* Dataset content *
- - - -
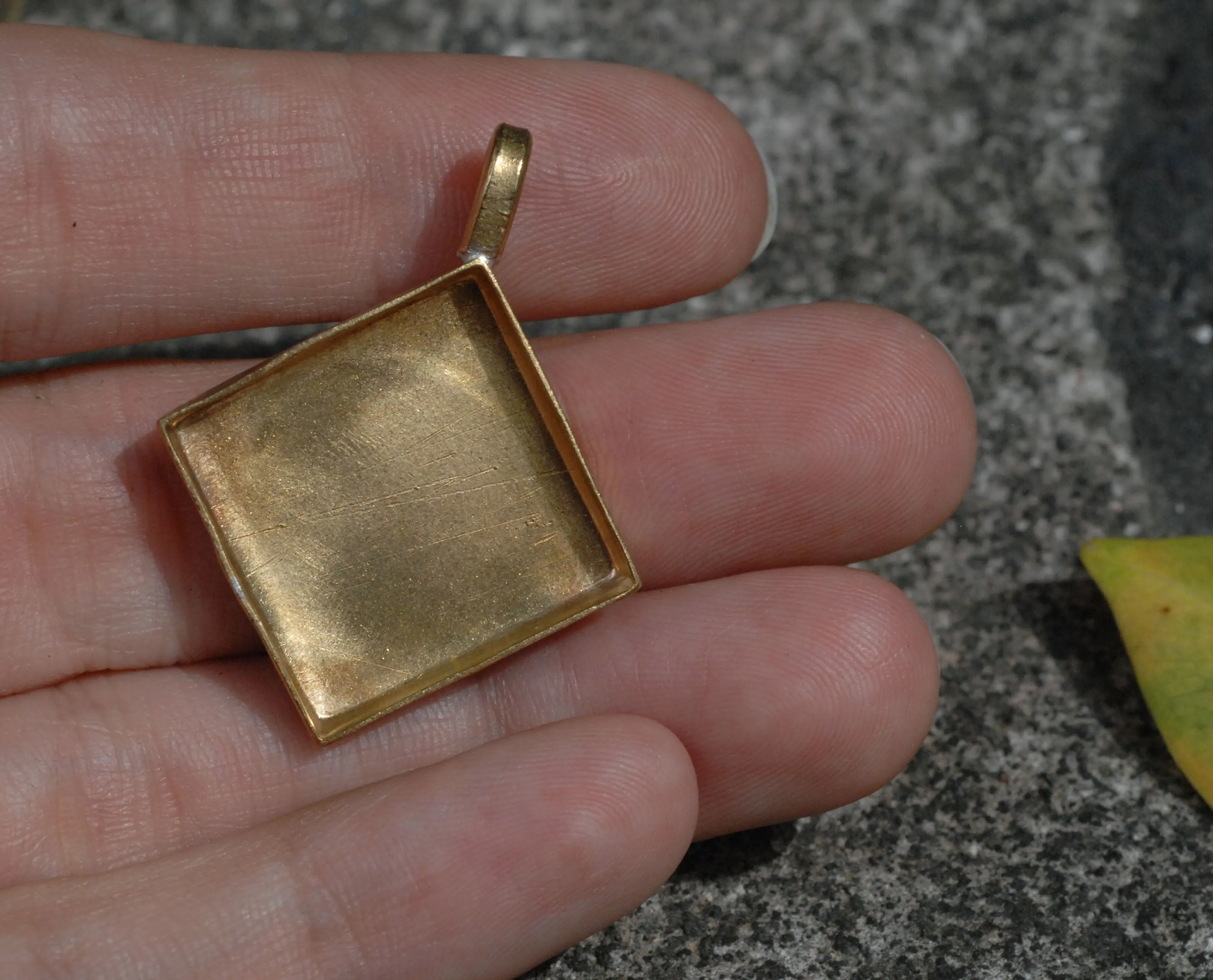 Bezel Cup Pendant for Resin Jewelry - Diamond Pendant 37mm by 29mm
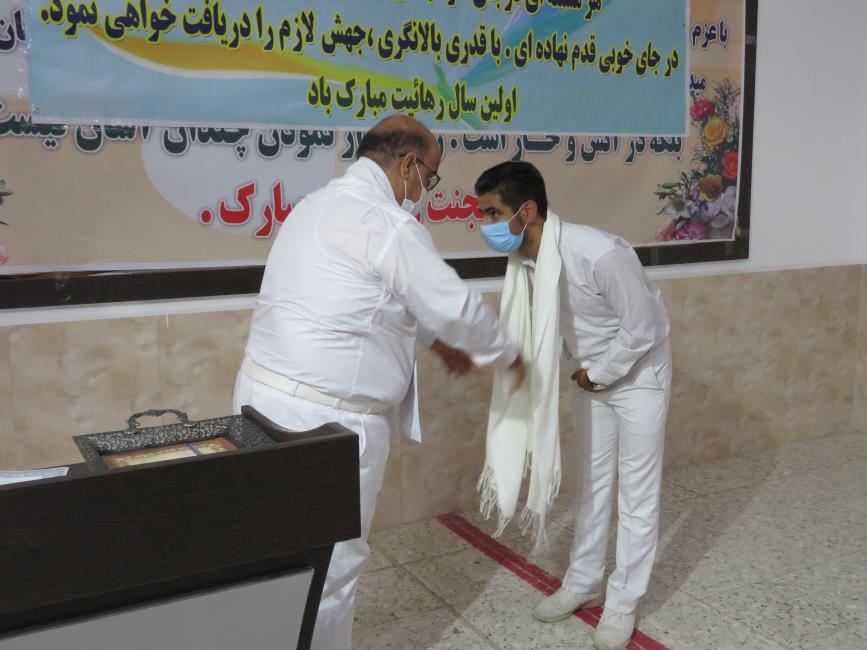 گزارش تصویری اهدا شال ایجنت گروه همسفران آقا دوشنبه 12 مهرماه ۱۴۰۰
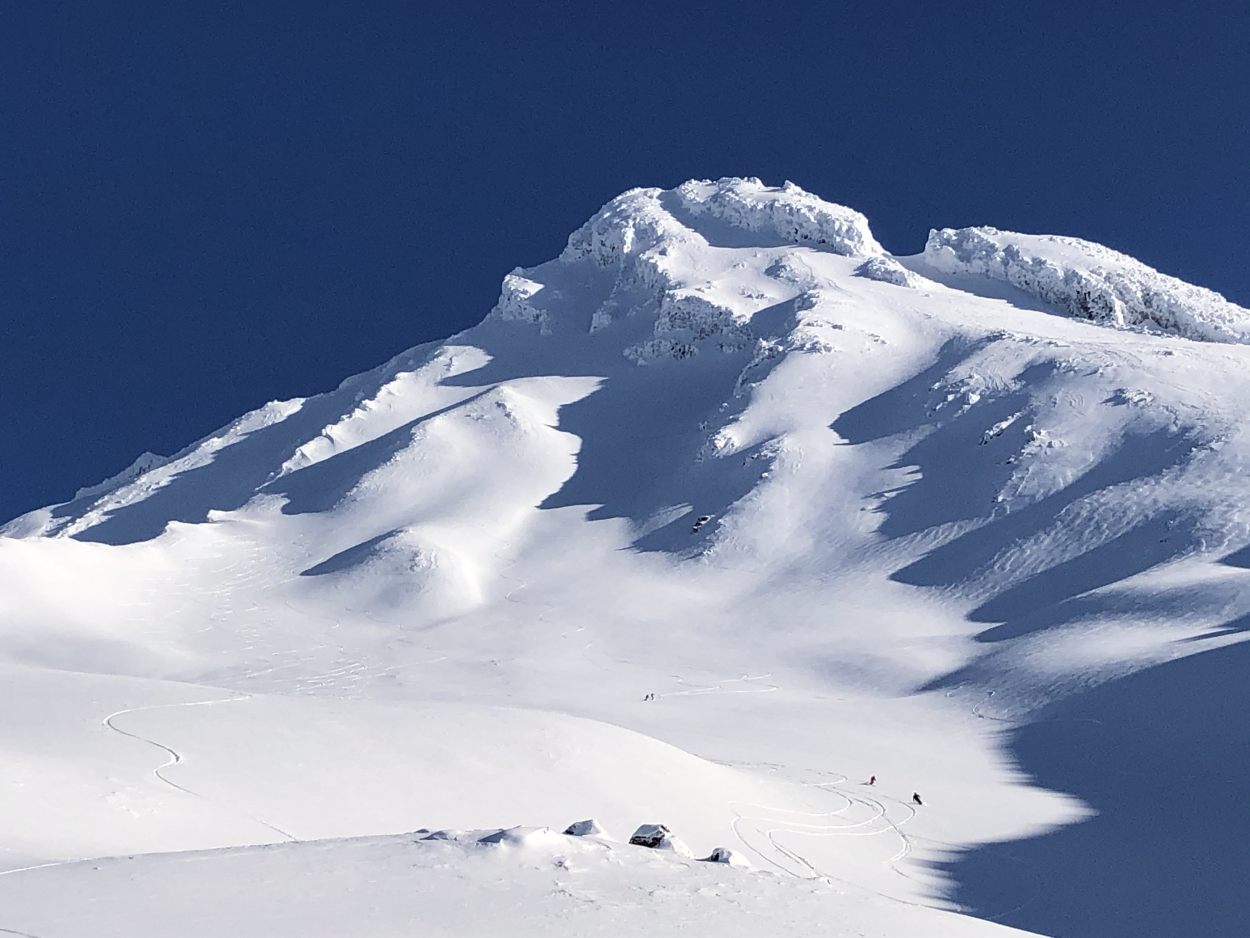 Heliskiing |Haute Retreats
- - - -
* Problem statement *
The material is to be written out word for word, and the pictures are to be left out.

* Reply to the exercise *
 Bezel Cup Pendant for Resin Jewelry - Diamond Pendant 37mm by 29mm
 گزارش تصویری اهدا شال ایجنت گروه همسفران آقا دوشنبه 12 مهرماه ۱۴۰۰
 Heliskiing |Haute Retreats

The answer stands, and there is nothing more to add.